Wij krijgen te horen dat de scolaire inzinking van dochterlief deels te wijten is aan haar neiging ‘hors sujet’ te gaan, afdwalen dus, de draad van het betoog verliezen. Zoiets wordt hier behoorlijk afgestraft. En terecht, in het bedrijfsleven heeft men niets te schaften met beuzelaars. Het is iets wat ze zonder al te veel moeite kan verbeteren. In een blog hoeft men gelukkig met dit soort disciplines geen rekening te houden.

We worden alvast ‘gebrieft’ op de komende ‘concours’ (afval examens). Er zijn 2 filters, de 1ste is het schriftelijke examen met het zwaartepunt op de wiskunde.

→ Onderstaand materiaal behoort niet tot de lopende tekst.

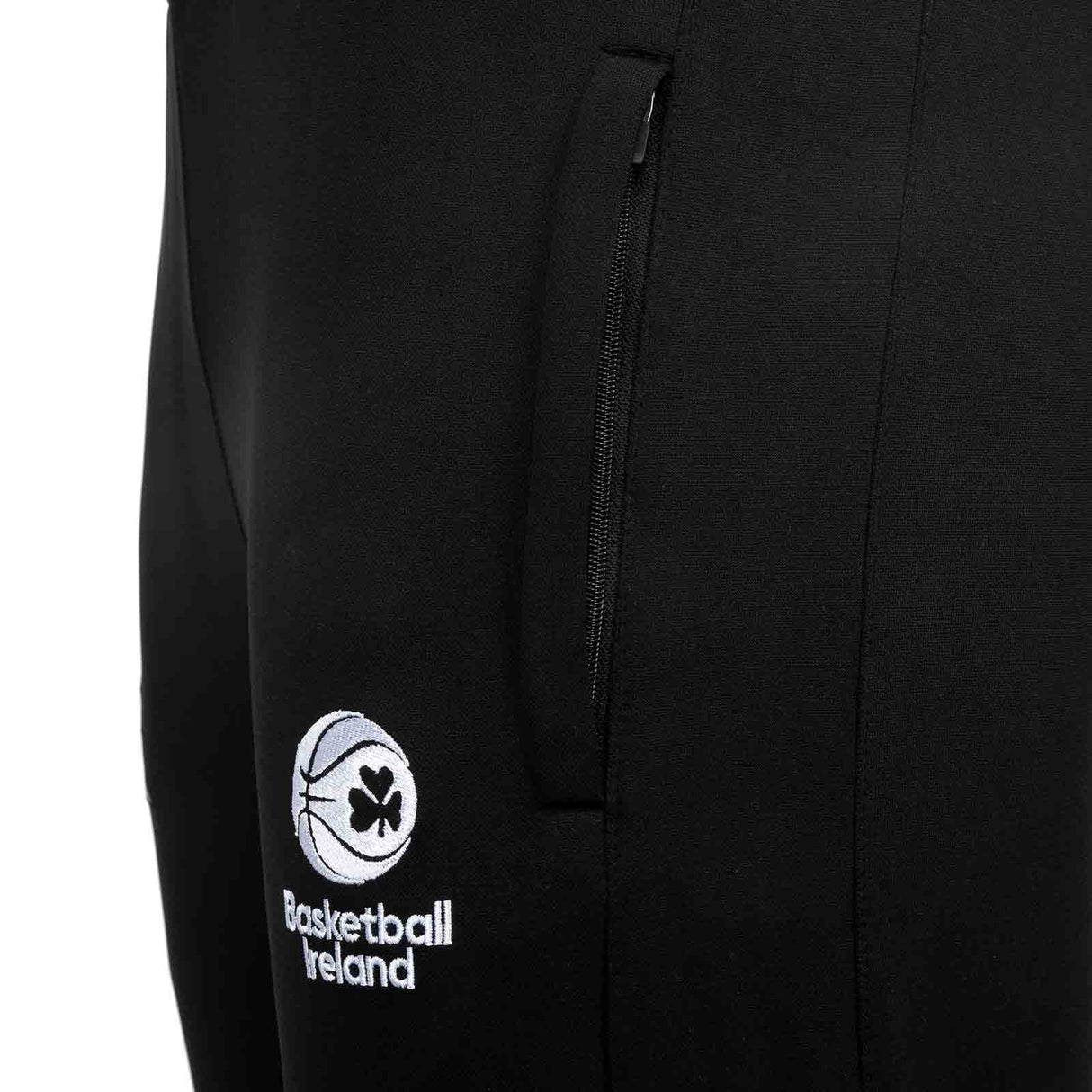 Kappa BB Ireland Skinny Pant Black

Als men dat haalt is men ‘admissible’. De 2e filter zijn de mondelinge examens om de ‘culture générale’ te testen en vooral ook de ‘personalité’, met dien verstande dat de HEC cerebralere eisen stelt dan de 2 andere top-instellingen ESSEC en de ESCP-EAP. In de filosofie van de ‘classes préparatoires’ is het niet de bedoeling dat de prestatie geheel ten koste gaat van het karakter. Aan dit soort mondelinge examens zit een heel ritueel vast. Ze zijn soms openbaar. Kom daar nog op terug om U te vergasten op het mondelinge examen voor de ENA (Ecole Nationale d’Administration, de school voor de zeer hoge ambtenaren).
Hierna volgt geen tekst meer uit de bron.